> _Recorded information_:

□ □ □ □ □ □ □

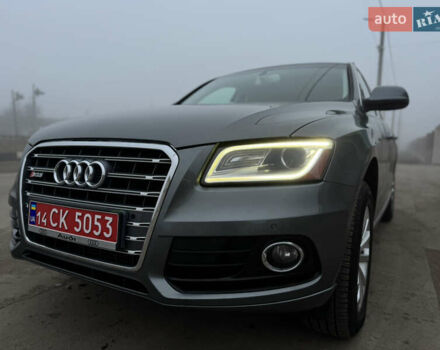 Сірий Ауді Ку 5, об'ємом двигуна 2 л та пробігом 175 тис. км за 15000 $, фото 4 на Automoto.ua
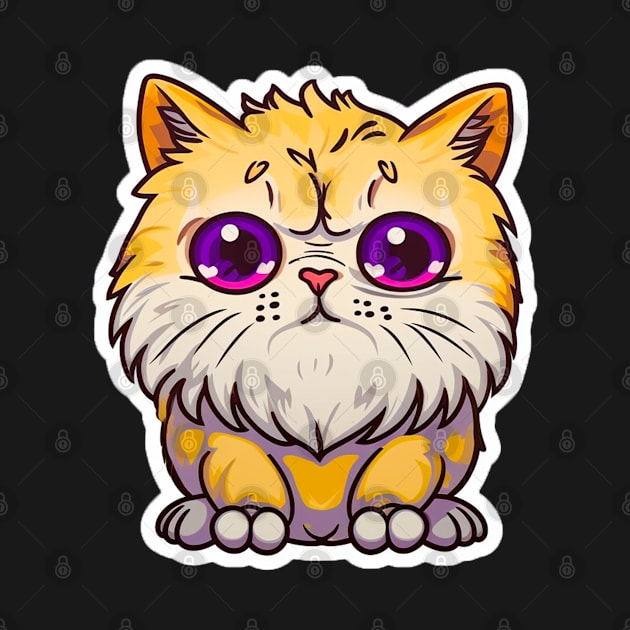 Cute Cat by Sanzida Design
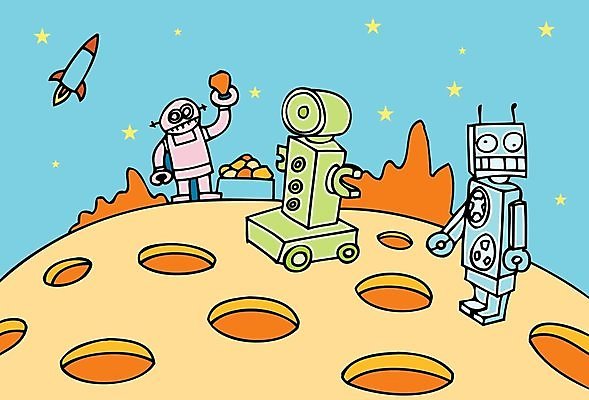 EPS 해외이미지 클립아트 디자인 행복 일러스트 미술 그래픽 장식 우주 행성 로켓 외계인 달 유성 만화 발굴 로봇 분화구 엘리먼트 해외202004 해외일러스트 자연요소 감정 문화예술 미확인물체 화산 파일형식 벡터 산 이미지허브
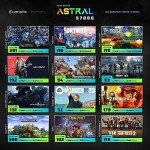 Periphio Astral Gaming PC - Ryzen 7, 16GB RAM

□ □ □ □ □ □ □

> _Aim of the exercise_: Leave the pictures out and retype only the lines from the line with "Cute Cat by Sanzida Design" through the final line of the material, both ends included, word for word.

> _Task result_:
 Cute Cat by Sanzida Design
 EPS 해외이미지 클립아트 디자인 행복 일러스트 미술 그래픽 장식 우주 행성 로켓 외계인 달 유성 만화 발굴 로봇 분화구 엘리먼트 해외202004 해외일러스트 자연요소 감정 문화예술 미확인물체 화산 파일형식 벡터 산 이미지허브
 Periphio Astral Gaming PC - Ryzen 7, 16GB RAM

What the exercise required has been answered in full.